この例はelseを省略したときのデフォルトの動作を(1)が決めていると考えることができます。
基本編(3) caseがある場合
caseの場合も同じように一番最後の一つが有効になります。
reg [3:0] a;
wire [1:0] c;
wire flag;
always @(posedge clk) begin
a <= 4'hf; // (1)
case(c)
2'h0 : a <= 4'h0; // (2)
2'h1 : ; // (3)
2'h2 : if(flag) a <= 4'h2; // (4)
default : a <= 4'h4; // (5)
endcase
end
この例だと次のようになります。
cが2'h0のときは(2)が最後のaへの代入なのでaは4'h0になります。
cが2'h1のときは(1)が最後のaへの代入なのでaは4'hfになります。
cが2'h2のときはflagが1'b1のときは(4)が最後のaへの代入なのでaは4'h2になります。flagが1'b0なら、(1)が最後のaへの代入なのでaは4'hfになります。
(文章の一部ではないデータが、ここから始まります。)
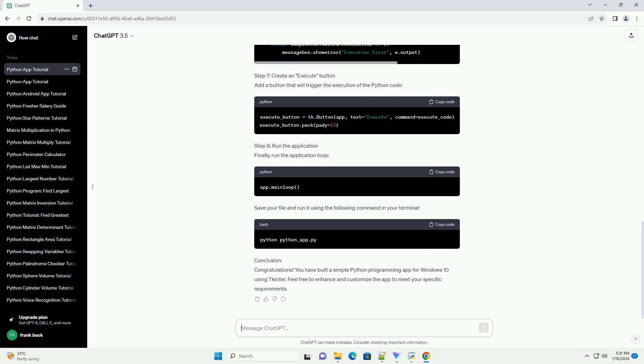Step 6: Create a function to execute Python code. Define a function that will execute the Python code written in the code editor.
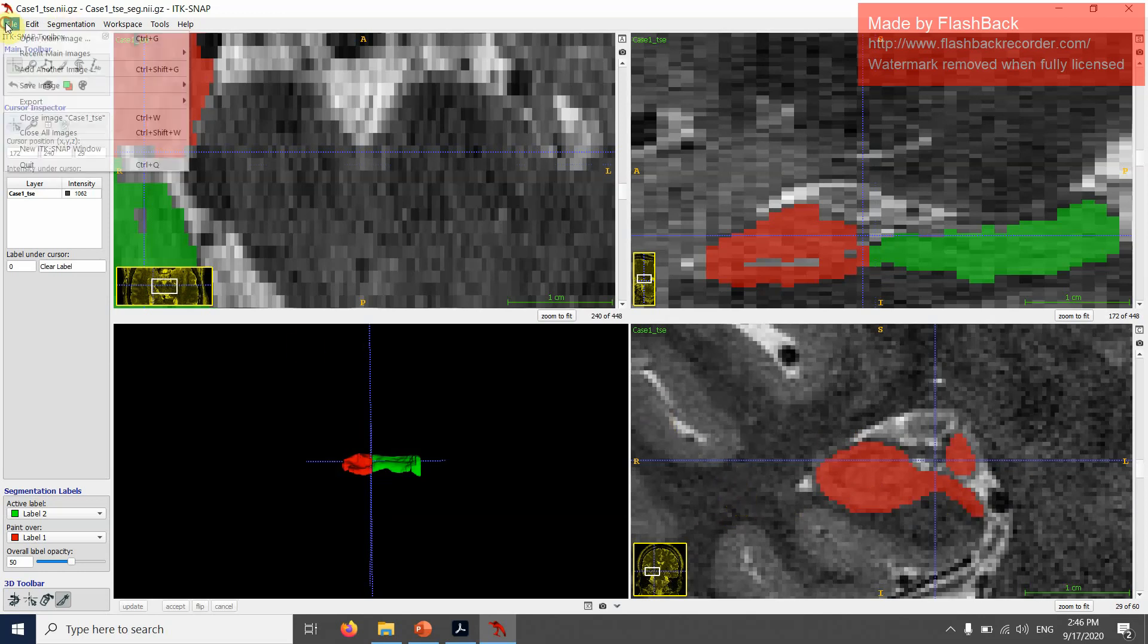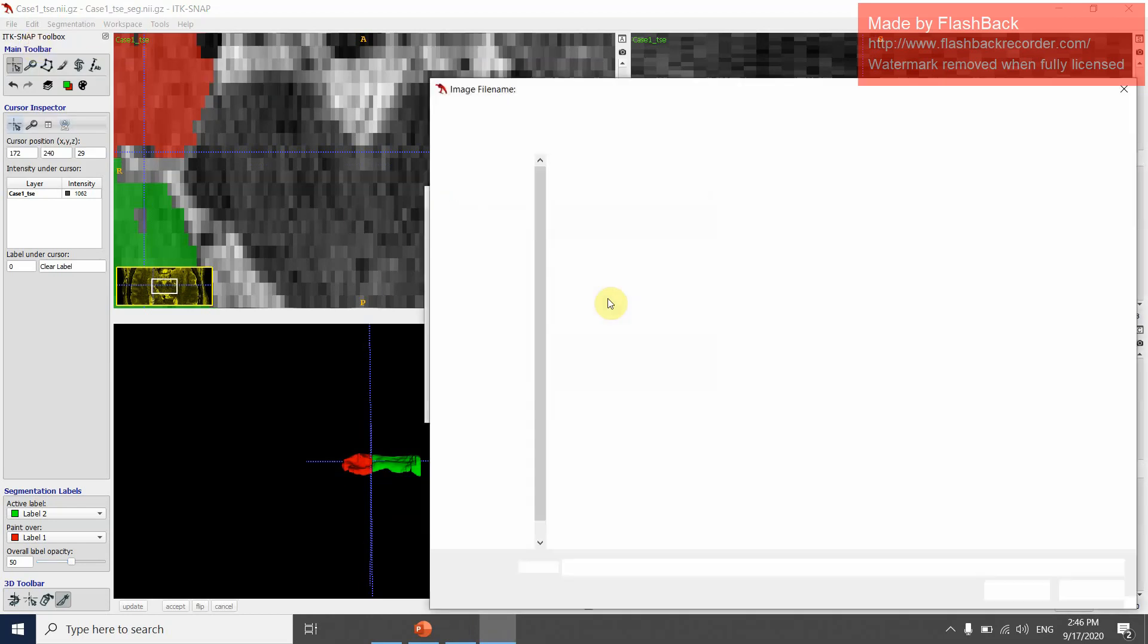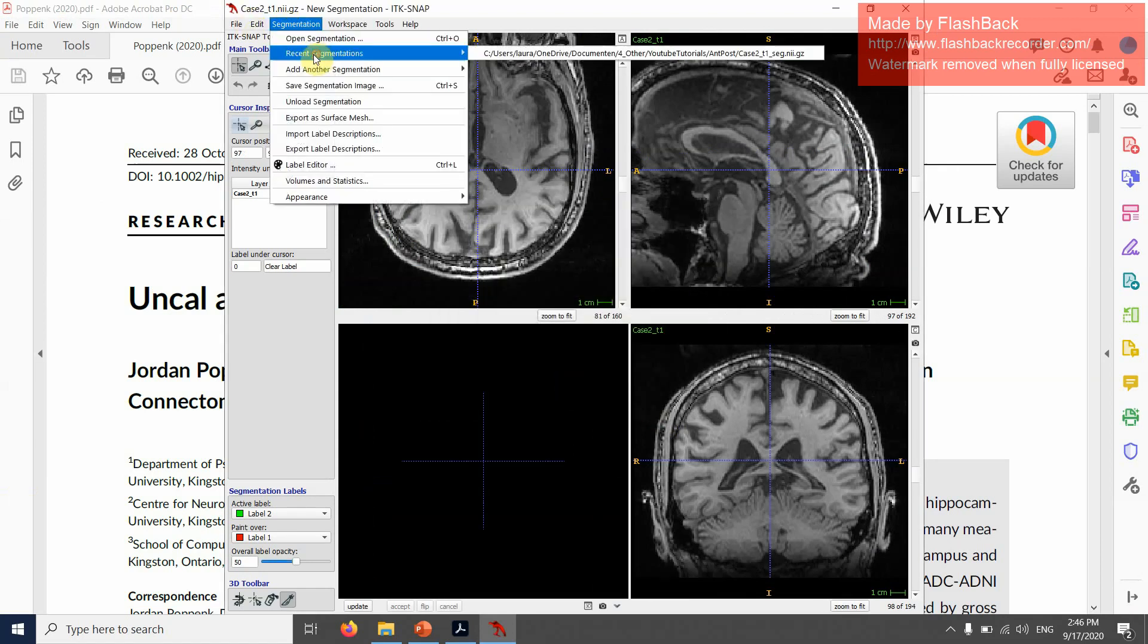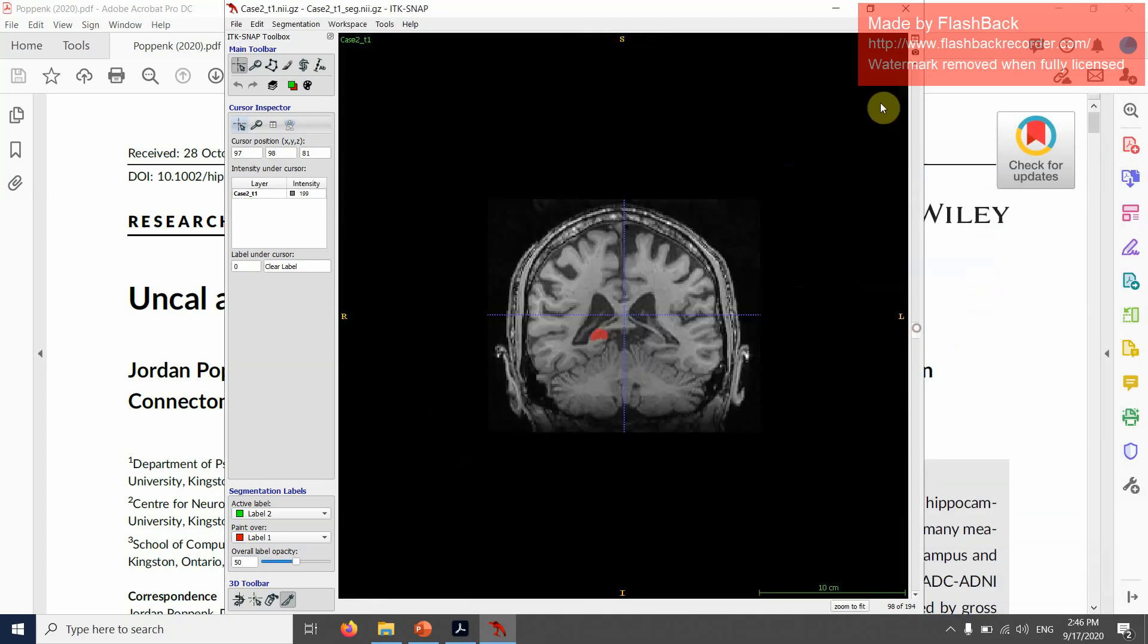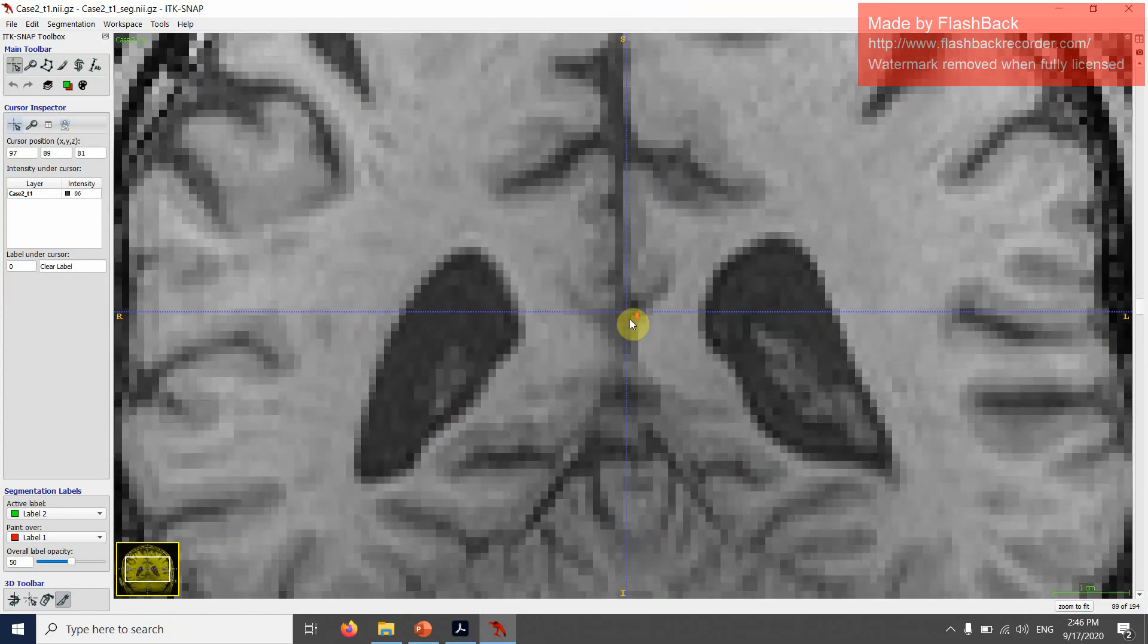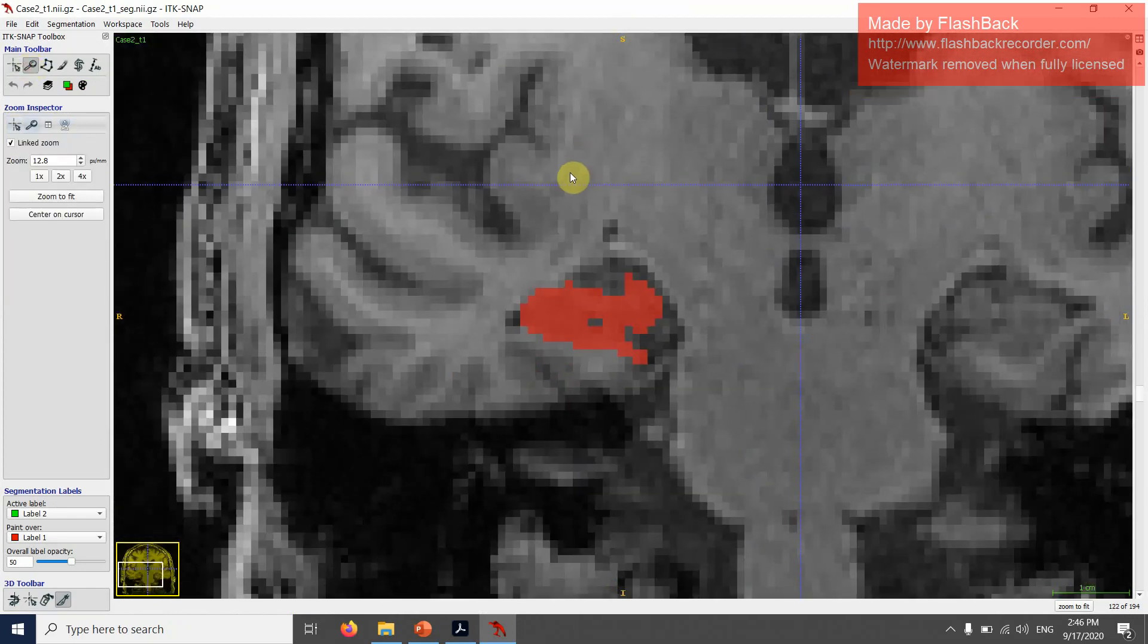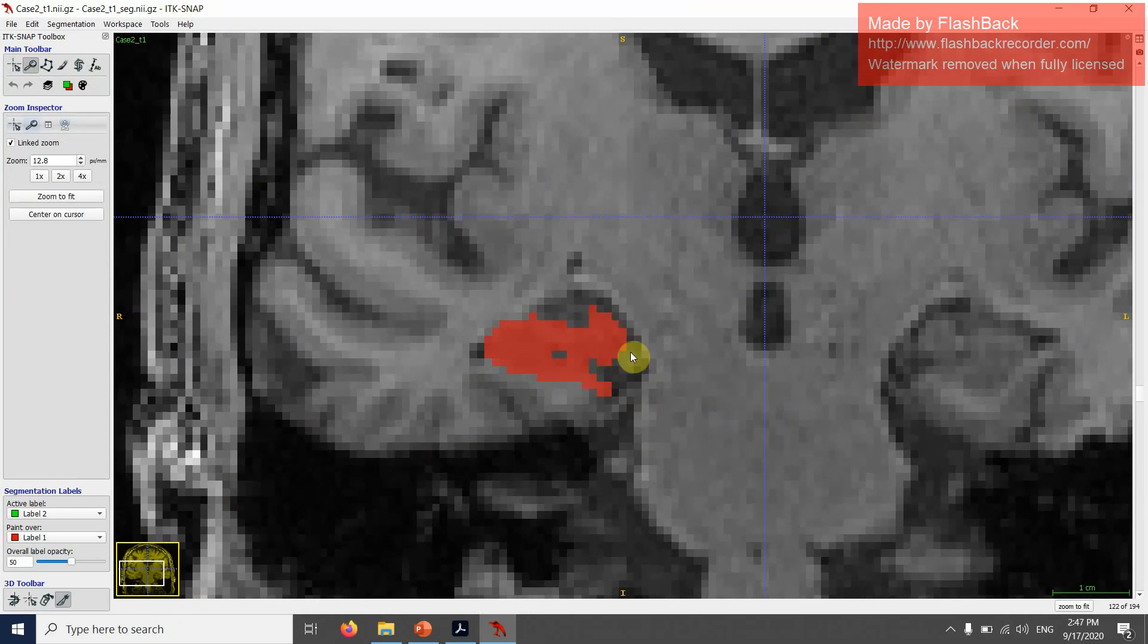I'm going to show you another example. This is a T1-weighted MRI and I'm going to only look at the right hemisphere in this tutorial today. Again, this is lateral, this is medial. I already have the hippocampus segmented and this part here is the uncus.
cが2'h3のときは(5)が最後のaへの代入なのでaは4'h4になります。
この例は、(3)や(4)のelseのように省略したときのデフォルトの動作を(1)で決めていると考えることができます。
基本編のまとめ
ここまでをまとめると、複数ノンブロッキング代入は省略時のデフォルト動作を決めることに使えるということが分かりました。
ただし、複雑になるのでソースが読みづらくなったりバグの元になりやすくなります。基本的には複数ノンブロッキング代入は使わない方がいいです。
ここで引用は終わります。